Twenty Ardi goats were individually adapted to the metabolic cages for one week, followed by 10 days as the collection period. Growing goats were randomly allocated into four equal groups (3 goats each). The control group were fed a basal diet without any supplementation. The other three groups were fed the basal diet supplemented with a mixture of garlic and ginger powder at doses 20, 40 and 60 mg/animal/day. T1 (control no feed additive), T2 (20 gm of garlic and ginger mixture), T3 (40 gm of garlic and ginger mixture), and T4 (60 gm of garlic and ginger mixture). Samples of refused feed and fecal output were recoded daily before offering the morning meal during the collection period. Approximately 10% of the daily feces of each animal were sub-sampled, well mixed, and kept at -4°C until chemical analysis.
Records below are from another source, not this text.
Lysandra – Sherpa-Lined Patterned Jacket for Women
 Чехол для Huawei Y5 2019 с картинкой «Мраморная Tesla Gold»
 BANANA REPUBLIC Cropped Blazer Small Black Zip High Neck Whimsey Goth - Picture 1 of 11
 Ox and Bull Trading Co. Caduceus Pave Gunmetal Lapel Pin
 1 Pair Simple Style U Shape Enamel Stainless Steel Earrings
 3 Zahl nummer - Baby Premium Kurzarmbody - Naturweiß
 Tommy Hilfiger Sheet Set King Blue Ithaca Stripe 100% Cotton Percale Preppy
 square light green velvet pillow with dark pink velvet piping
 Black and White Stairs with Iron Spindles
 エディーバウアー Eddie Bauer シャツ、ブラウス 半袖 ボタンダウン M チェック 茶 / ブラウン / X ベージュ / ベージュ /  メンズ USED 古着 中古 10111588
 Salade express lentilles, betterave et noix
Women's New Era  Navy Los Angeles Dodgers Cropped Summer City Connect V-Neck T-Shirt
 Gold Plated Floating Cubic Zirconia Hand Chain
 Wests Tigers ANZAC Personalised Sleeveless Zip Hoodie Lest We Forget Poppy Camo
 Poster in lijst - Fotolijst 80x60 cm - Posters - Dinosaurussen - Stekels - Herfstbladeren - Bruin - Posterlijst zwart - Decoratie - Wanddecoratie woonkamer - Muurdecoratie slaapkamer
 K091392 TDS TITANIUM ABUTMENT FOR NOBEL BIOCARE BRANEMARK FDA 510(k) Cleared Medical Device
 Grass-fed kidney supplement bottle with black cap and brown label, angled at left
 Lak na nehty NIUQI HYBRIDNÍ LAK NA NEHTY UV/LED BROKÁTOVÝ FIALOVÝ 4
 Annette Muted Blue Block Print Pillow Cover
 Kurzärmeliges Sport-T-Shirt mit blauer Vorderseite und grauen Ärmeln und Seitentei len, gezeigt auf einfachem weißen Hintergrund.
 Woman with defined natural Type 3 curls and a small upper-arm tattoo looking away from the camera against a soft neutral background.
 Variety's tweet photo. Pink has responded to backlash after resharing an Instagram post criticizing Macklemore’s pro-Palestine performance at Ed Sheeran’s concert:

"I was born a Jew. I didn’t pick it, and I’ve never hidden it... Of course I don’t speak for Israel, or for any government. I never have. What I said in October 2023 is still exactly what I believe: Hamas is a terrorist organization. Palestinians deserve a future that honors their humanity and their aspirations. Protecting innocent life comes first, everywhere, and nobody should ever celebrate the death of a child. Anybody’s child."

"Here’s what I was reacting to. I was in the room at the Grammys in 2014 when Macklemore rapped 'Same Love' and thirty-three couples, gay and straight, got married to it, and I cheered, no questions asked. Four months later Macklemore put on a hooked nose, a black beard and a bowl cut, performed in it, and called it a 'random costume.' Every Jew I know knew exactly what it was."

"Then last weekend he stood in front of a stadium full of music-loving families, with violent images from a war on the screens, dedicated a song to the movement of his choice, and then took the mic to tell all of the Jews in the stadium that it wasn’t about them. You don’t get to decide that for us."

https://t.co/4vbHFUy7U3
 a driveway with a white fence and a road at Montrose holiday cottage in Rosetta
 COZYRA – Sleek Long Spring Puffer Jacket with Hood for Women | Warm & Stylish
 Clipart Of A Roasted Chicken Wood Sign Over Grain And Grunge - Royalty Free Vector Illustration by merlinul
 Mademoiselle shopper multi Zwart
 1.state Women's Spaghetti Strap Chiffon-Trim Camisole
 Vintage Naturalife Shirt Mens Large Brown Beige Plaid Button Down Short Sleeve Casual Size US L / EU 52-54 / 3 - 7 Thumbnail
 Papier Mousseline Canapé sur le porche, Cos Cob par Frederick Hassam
Apparent digestibility coefficients for each nutrient were calculated by expressing the weight of each nutrient absorbed as a proportion of the weight consumed (nutrients consumed in feces/nutrients consumed). Nutritive values in terms of total digestible nutrients (TDN) and digestible crude protein (DCP) were calculated according to the classic formula of NRC (2001) as follows:
 
TDN%= DCP% + DCF% + DNFE%+ (DEE% × 2.25)
 
Where
DCP= Digestible crude protein.
DCF= Digestible crude fiber.
DNFE= Digestible nitrogen-free extract.
DEE= Digestible ether extract.
 
Proximate analysis of feed and feces
 
Samples of the experimental basal total mixed ration and feces were collected and dried in a forced-air oven at 65°C for 72 h to calculate the dry matter intake. The proximate analysis was conducted according to AOAC (2006). Neutral detergent fiber (NDF) and acid detergent fiber (ADF) were determined without using sodium sulfite or α-amylase according to Van Soest and Robertson (1985).
 
Statistical analysis
 
The data obtained from the experiment were subjected to one-way analysis of variance (ANOVA) and were expressed as means with a standard error of mean (Mean ± SEM) using SPSS for Windows, Version 16.0. Chicago, SPSS Inc. Treatment means were separated (p <0.05) using Duncan’s multiple range test (Duncan, 1955).

RESULTS AND DISCUSSION

Animal performance
 
The effects of dietary supplementation with a mixture of garlic and ginger powder at different levels on goat performance are shown in Table 2.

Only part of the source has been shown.